Content starts
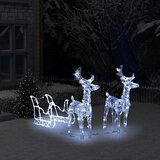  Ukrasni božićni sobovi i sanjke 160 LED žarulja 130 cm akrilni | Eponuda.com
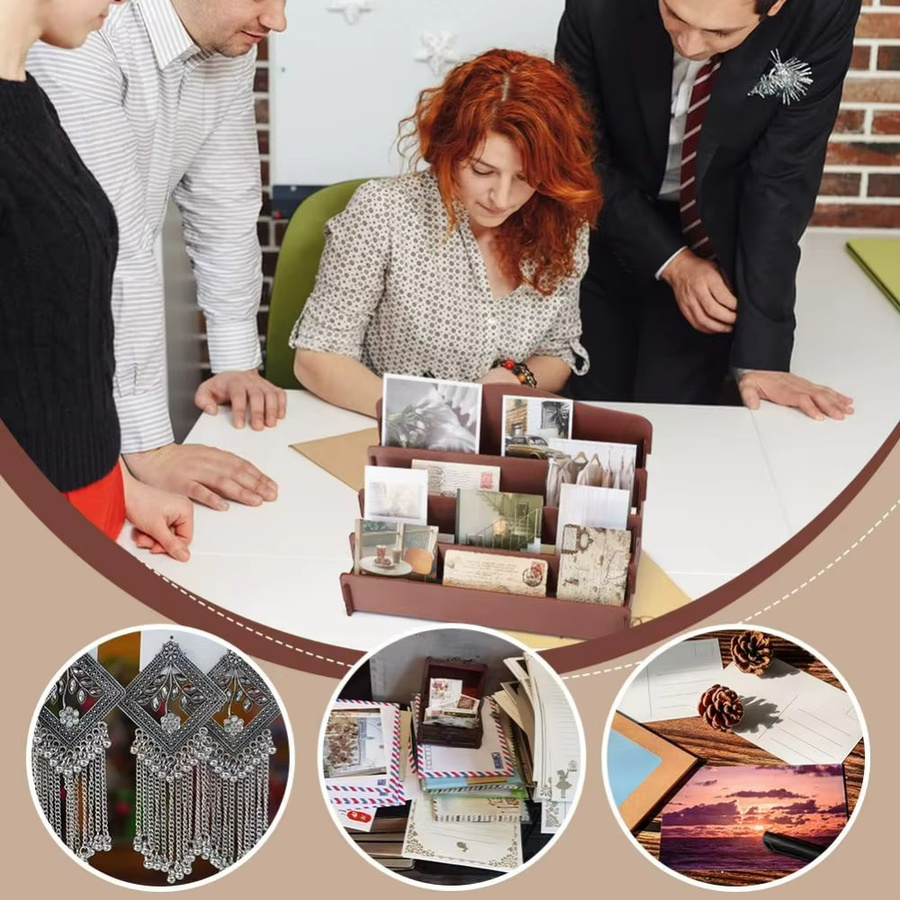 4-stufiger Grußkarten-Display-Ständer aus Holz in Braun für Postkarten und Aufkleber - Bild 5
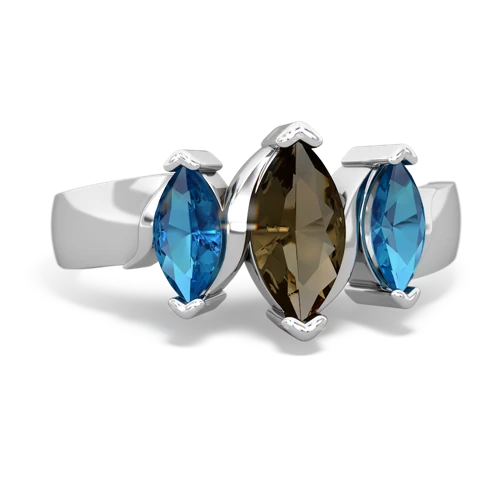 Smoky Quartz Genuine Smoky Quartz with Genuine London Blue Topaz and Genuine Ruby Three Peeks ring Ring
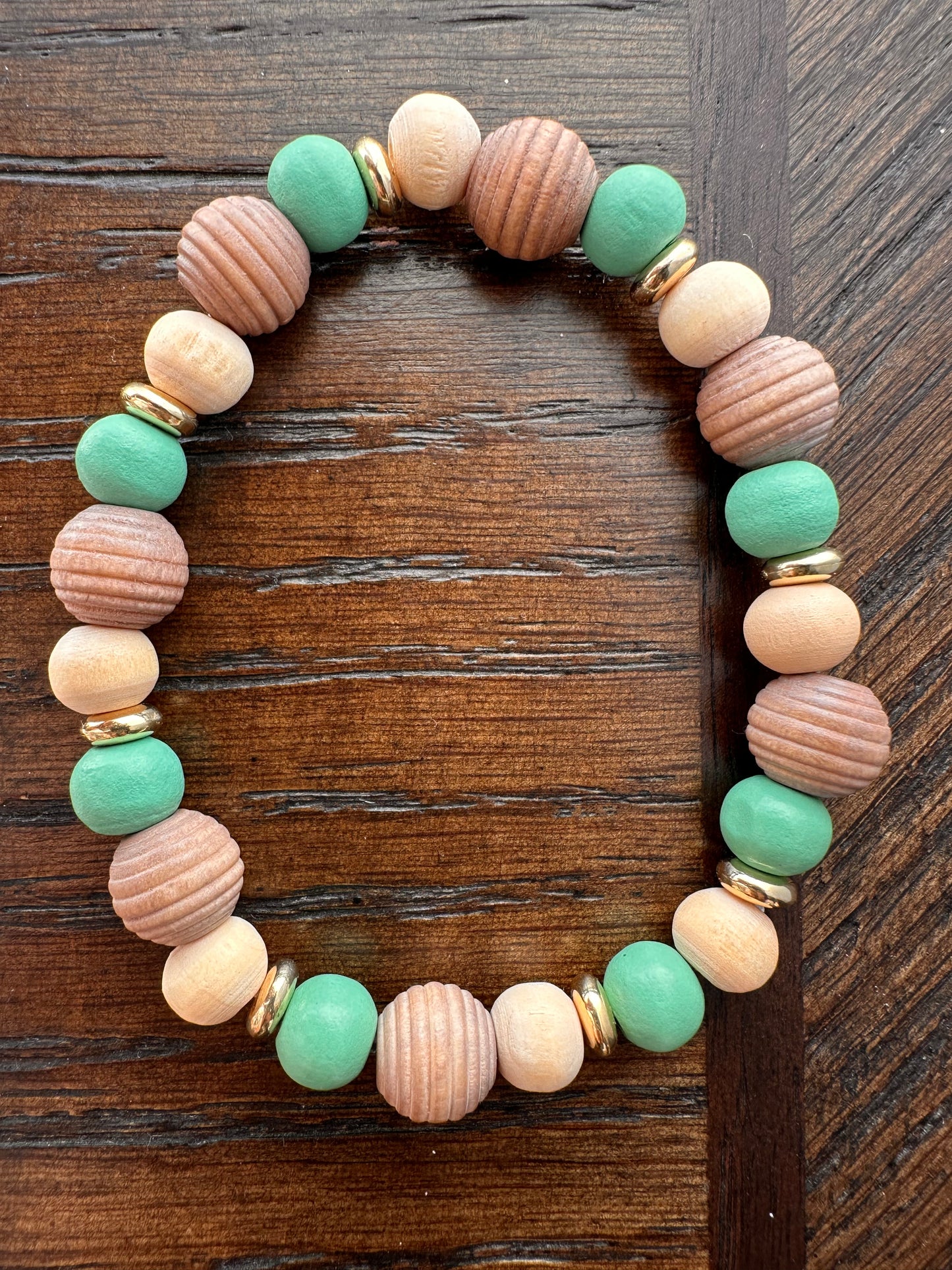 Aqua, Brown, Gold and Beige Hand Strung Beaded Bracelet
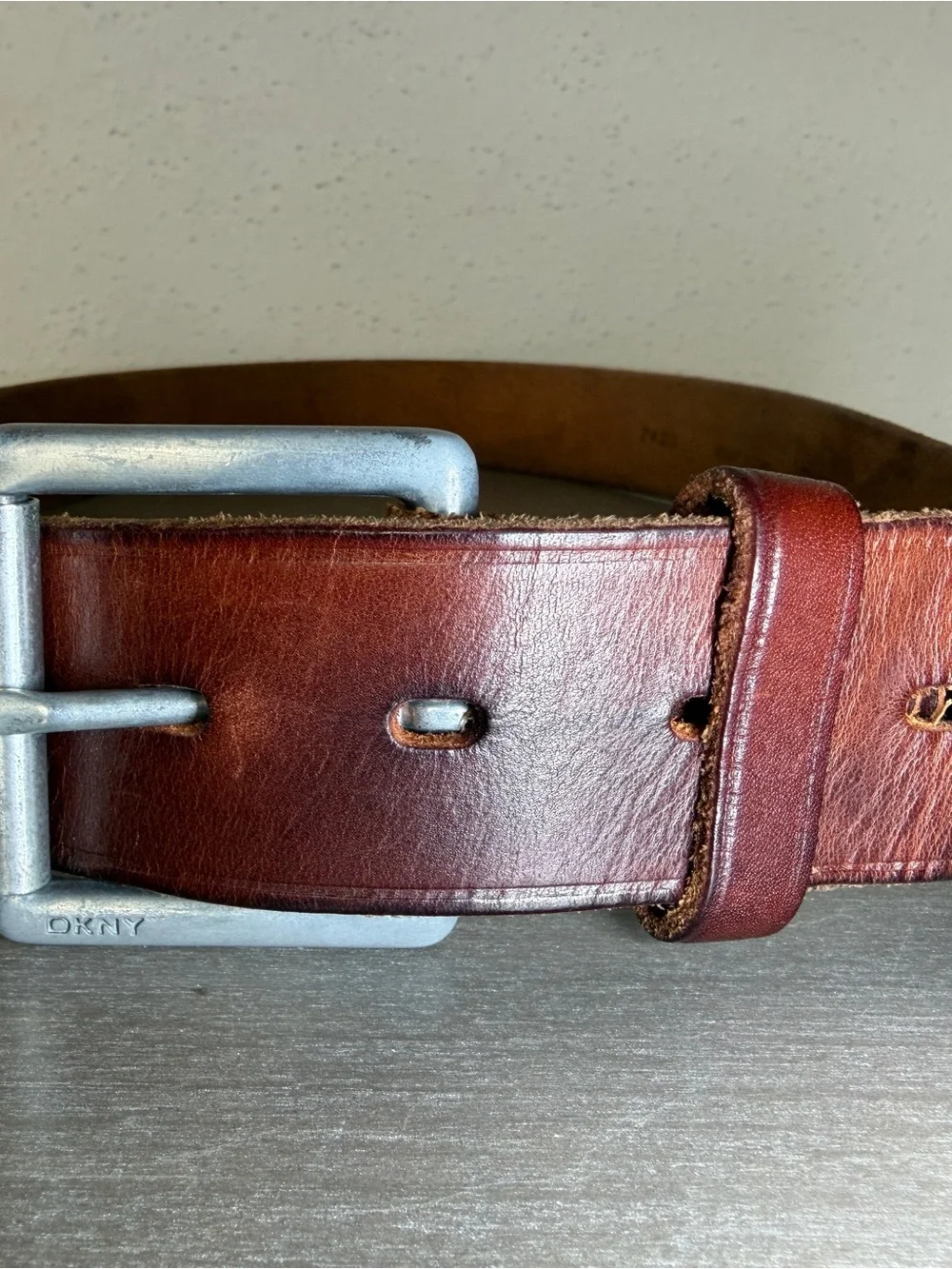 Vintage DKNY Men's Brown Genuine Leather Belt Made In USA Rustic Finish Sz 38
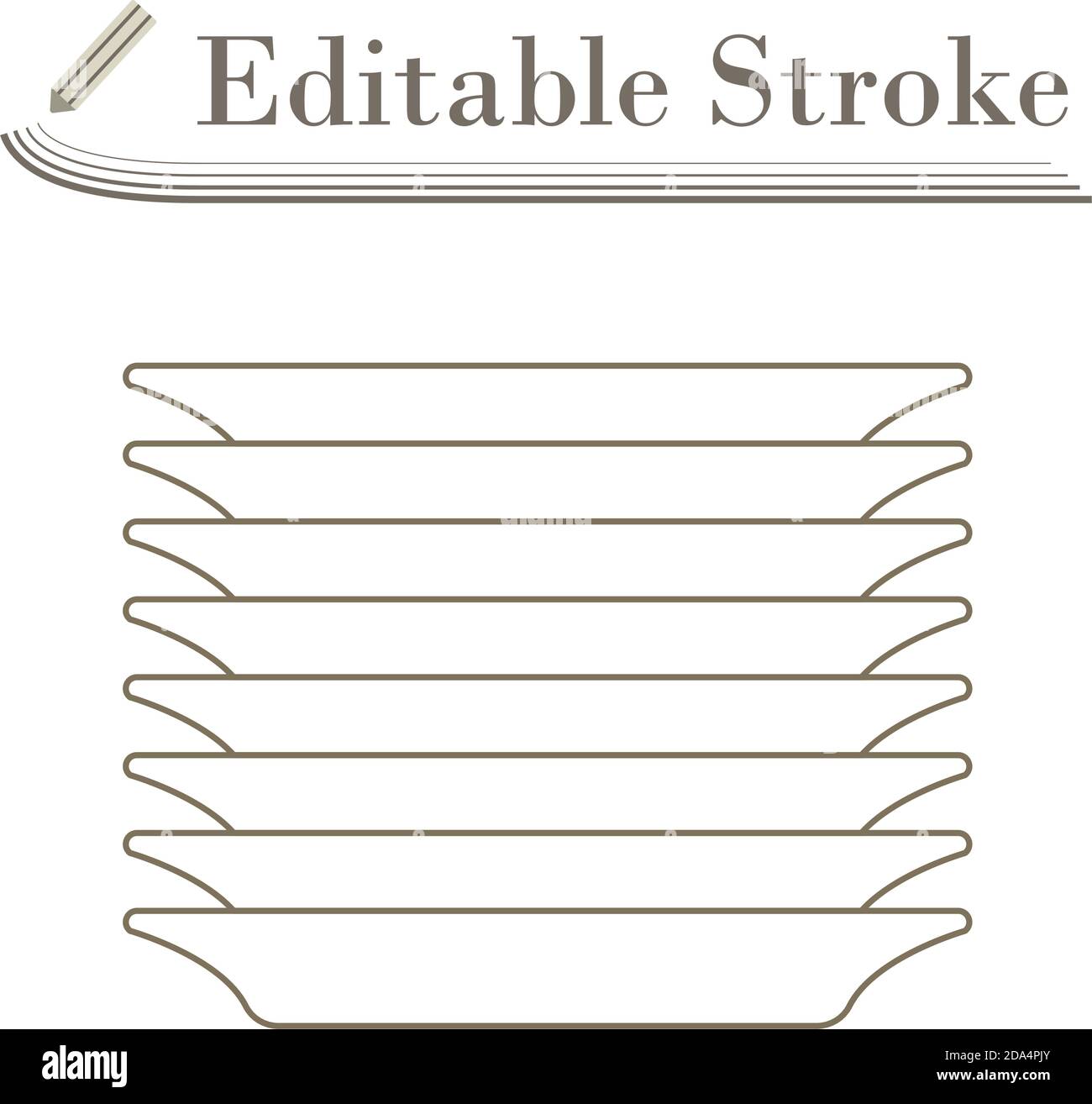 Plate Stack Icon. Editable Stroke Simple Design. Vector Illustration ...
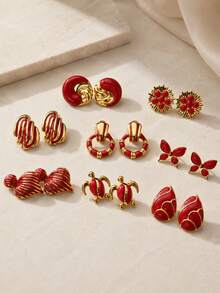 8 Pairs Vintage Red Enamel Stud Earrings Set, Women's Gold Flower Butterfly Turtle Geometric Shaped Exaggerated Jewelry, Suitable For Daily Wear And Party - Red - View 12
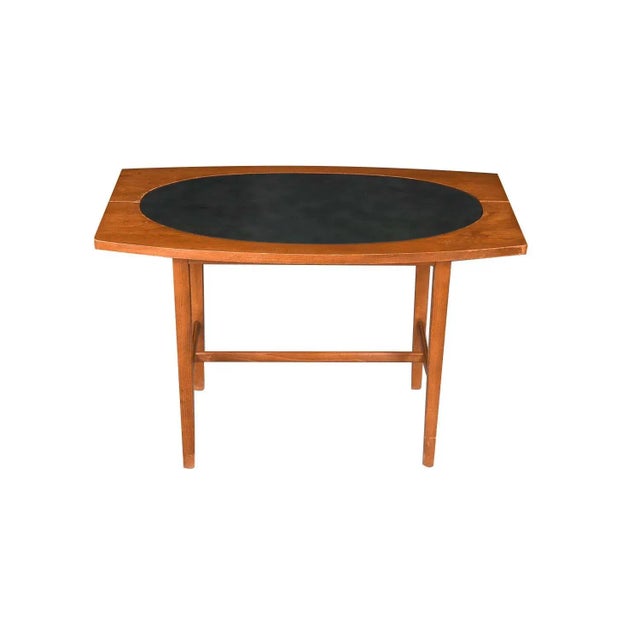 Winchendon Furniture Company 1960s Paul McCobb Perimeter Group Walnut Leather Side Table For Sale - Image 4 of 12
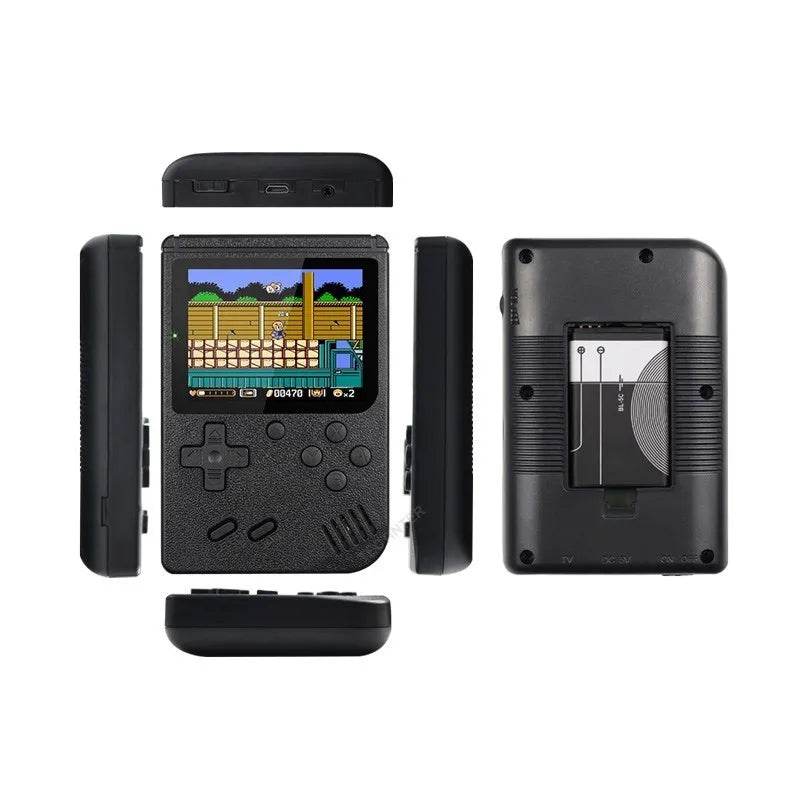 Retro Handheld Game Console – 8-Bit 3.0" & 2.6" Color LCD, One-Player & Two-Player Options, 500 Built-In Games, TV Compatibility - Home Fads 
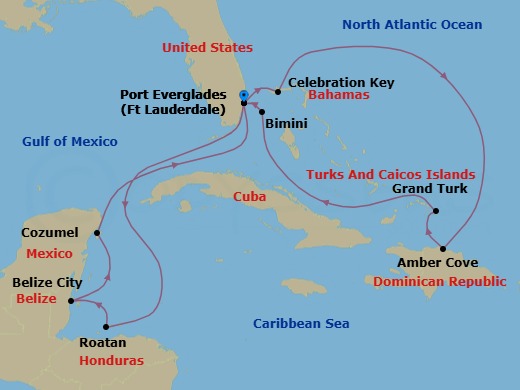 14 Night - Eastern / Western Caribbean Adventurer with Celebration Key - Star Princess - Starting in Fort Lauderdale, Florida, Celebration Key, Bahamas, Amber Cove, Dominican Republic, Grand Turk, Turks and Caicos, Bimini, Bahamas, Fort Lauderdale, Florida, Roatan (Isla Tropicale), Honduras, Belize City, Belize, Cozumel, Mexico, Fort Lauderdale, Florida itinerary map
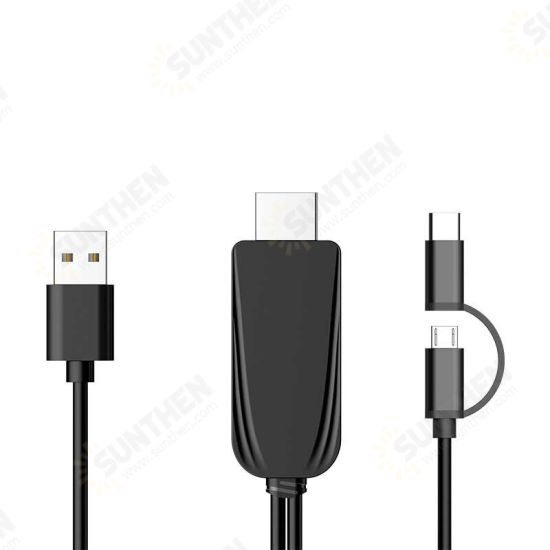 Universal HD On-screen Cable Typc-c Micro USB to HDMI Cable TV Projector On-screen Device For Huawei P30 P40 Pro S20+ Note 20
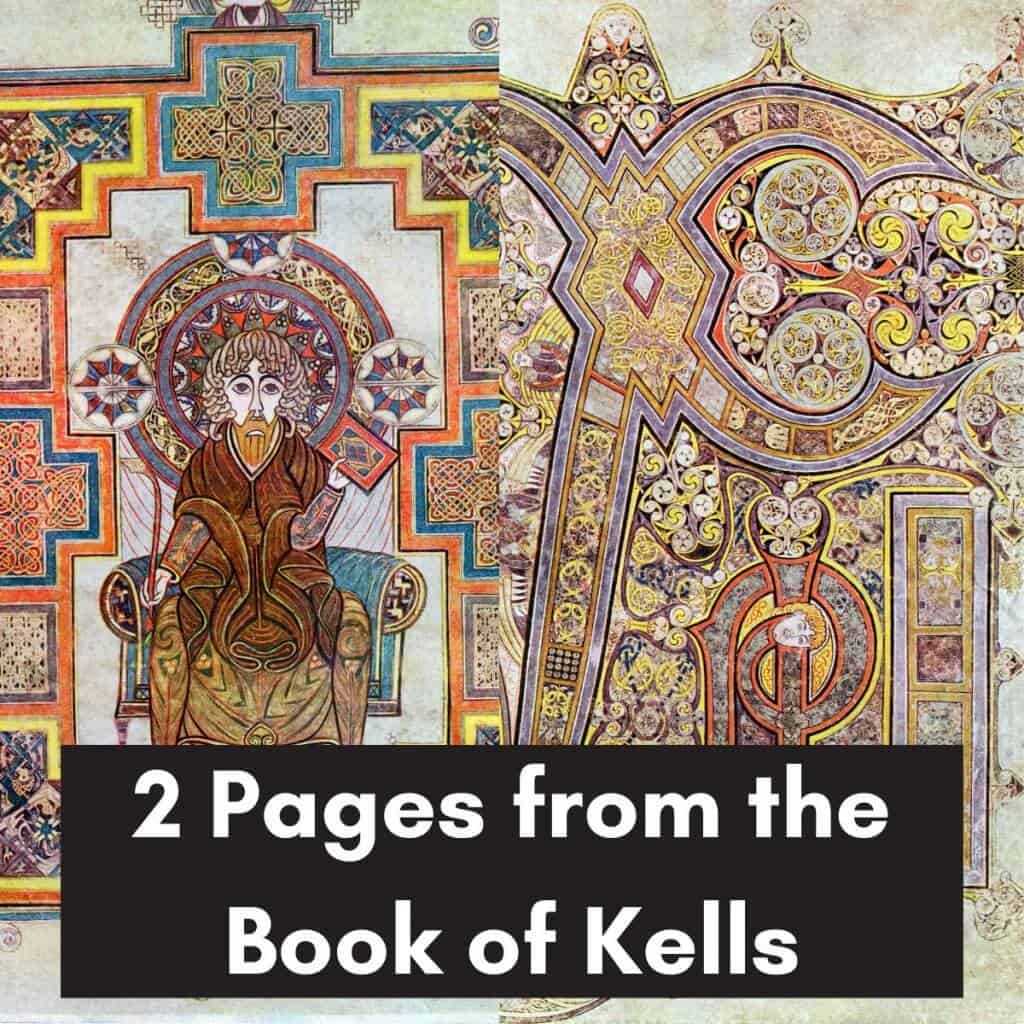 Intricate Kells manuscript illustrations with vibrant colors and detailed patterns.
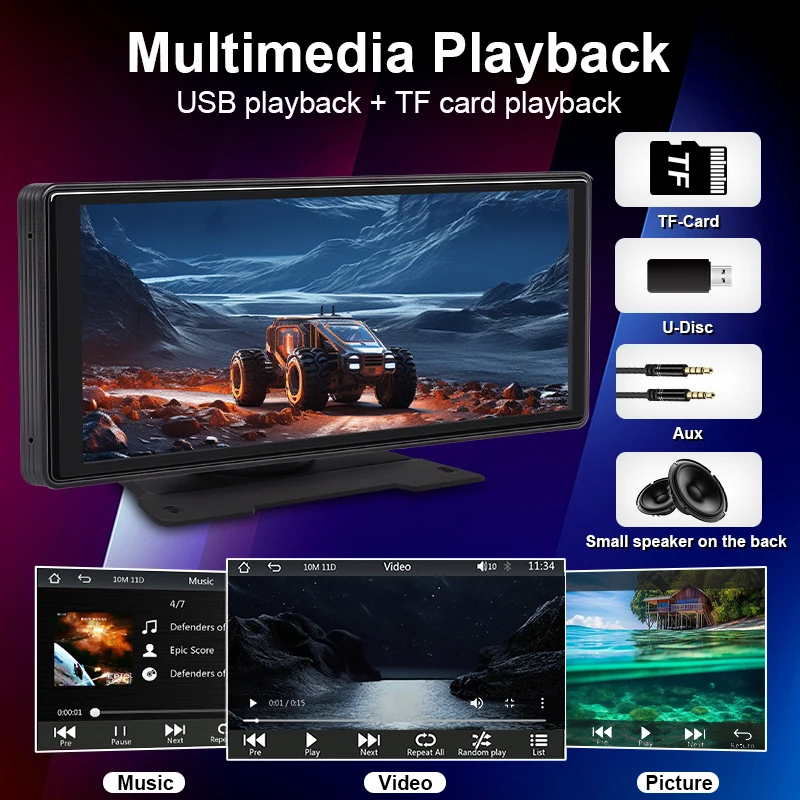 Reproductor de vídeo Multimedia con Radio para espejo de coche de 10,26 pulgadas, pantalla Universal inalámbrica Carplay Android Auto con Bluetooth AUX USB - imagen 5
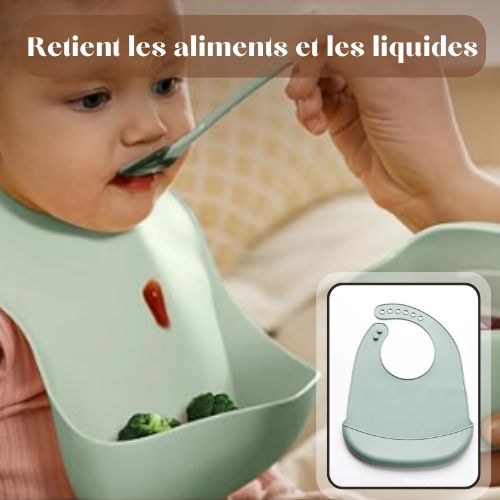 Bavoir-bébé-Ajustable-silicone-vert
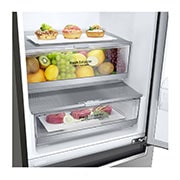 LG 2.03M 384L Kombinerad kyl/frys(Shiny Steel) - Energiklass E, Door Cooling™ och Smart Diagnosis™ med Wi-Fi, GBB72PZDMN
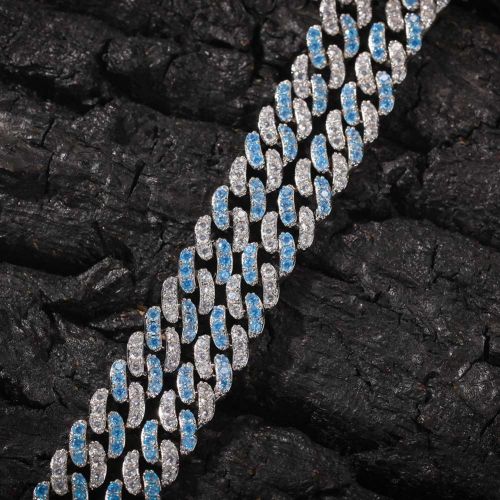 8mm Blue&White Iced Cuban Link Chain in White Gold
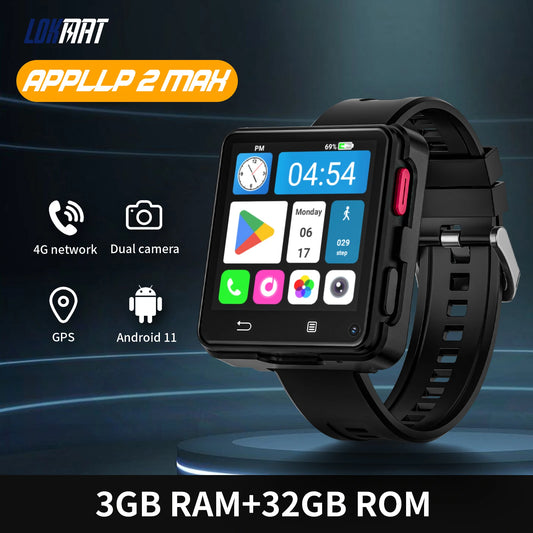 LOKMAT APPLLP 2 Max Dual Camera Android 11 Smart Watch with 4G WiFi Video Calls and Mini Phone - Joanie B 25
Content ends
◆ **YOUR TASK**: Your response must restate every record above exactly, with each picture omitted.

◆ **YOUR SOLUTION**:
  Ukrasni božićni sobovi i sanjke 160 LED žarulja 130 cm akrilni | Eponuda.com
 4-stufiger Grußkarten-Display-Ständer aus Holz in Braun für Postkarten und Aufkleber - Bild 5
 Smoky Quartz Genuine Smoky Quartz with Genuine London Blue Topaz and Genuine Ruby Three Peeks ring Ring
 Aqua, Brown, Gold and Beige Hand Strung Beaded Bracelet
 Vintage DKNY Men's Brown Genuine Leather Belt Made In USA Rustic Finish Sz 38
 Plate Stack Icon. Editable Stroke Simple Design. Vector Illustration ...
 8 Pairs Vintage Red Enamel Stud Earrings Set, Women's Gold Flower Butterfly Turtle Geometric Shaped Exaggerated Jewelry, Suitable For Daily Wear And Party - Red - View 12
 Winchendon Furniture Company 1960s Paul McCobb Perimeter Group Walnut Leather Side Table For Sale - Image 4 of 12
 Retro Handheld Game Console – 8-Bit 3.0" & 2.6" Color LCD, One-Player & Two-Player Options, 500 Built-In Games, TV Compatibility - Home Fads 
 14 Night - Eastern / Western Caribbean Adventurer with Celebration Key - Star Princess - Starting in Fort Lauderdale, Florida, Celebration Key, Bahamas, Amber Cove, Dominican Republic, Grand Turk, Turks and Caicos, Bimini, Bahamas, Fort Lauderdale, Florida, Roatan (Isla Tropicale), Honduras, Belize City, Belize, Cozumel, Mexico, Fort Lauderdale, Florida itinerary map
 Universal HD On-screen Cable Typc-c Micro USB to HDMI Cable TV Projector On-screen Device For Huawei P30 P40 Pro S20+ Note 20
 Intricate Kells manuscript illustrations with vibrant colors and detailed patterns.
 Reproductor de vídeo Multimedia con Radio para espejo de coche de 10,26 pulgadas, pantalla Universal inalámbrica Carplay Android Auto con Bluetooth AUX USB - imagen 5
 Bavoir-bébé-Ajustable-silicone-vert
 LG 2.03M 384L Kombinerad kyl/frys(Shiny Steel) - Energiklass E, Door Cooling™ och Smart Diagnosis™ med Wi-Fi, GBB72PZDMN
 8mm Blue&White Iced Cuban Link Chain in White Gold
 LOKMAT APPLLP 2 Max Dual Camera Android 11 Smart Watch with 4G WiFi Video Calls and Mini Phone - Joanie B 25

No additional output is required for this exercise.